# [MATERIALS PROVIDED]
———

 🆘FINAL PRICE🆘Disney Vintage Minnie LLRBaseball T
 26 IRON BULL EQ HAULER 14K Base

———

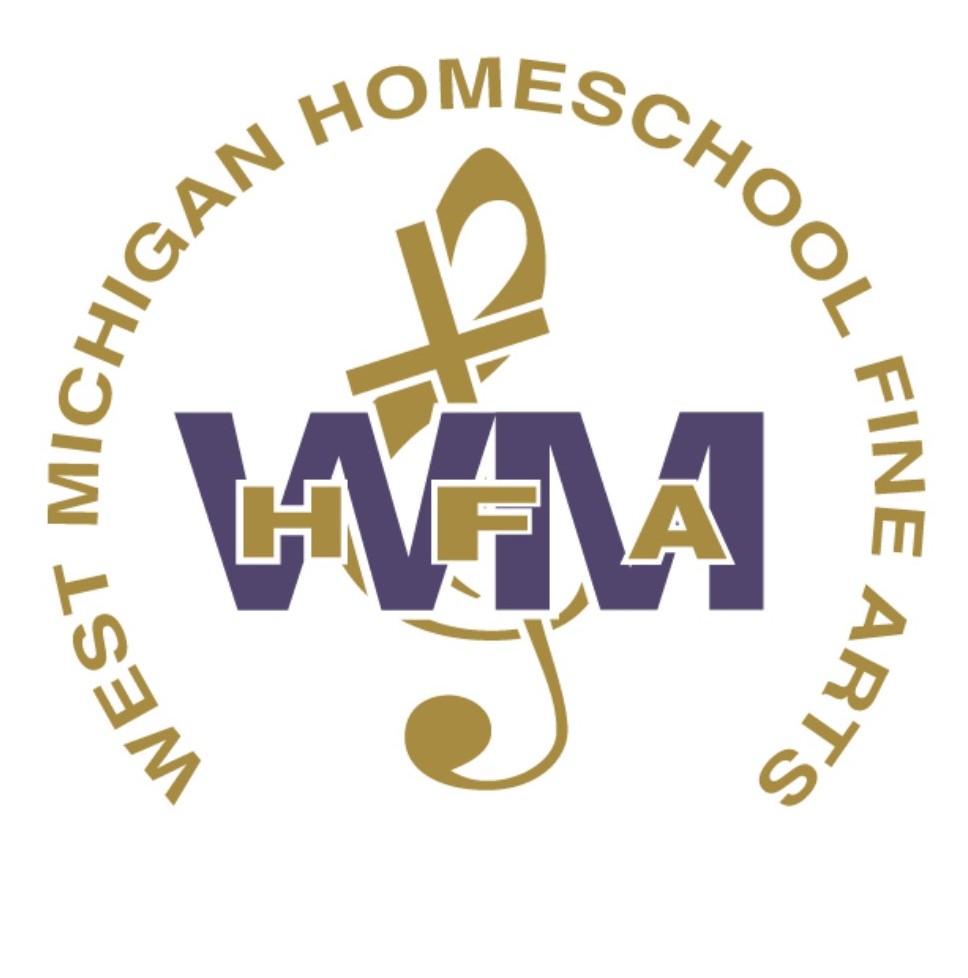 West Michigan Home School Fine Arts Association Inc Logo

———

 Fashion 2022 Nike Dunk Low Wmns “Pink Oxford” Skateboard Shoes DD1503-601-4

———

# [EXERCISE]
Give again exactly, and only, the lines above starting at the one with "Minnie LLRBaseball T" and ending at the one with "26 IRON BULL EQ HAULER 14K Base".

# [OUTPUT OF THE TASK]
 🆘FINAL PRICE🆘Disney Vintage Minnie LLRBaseball T
 26 IRON BULL EQ HAULER 14K Base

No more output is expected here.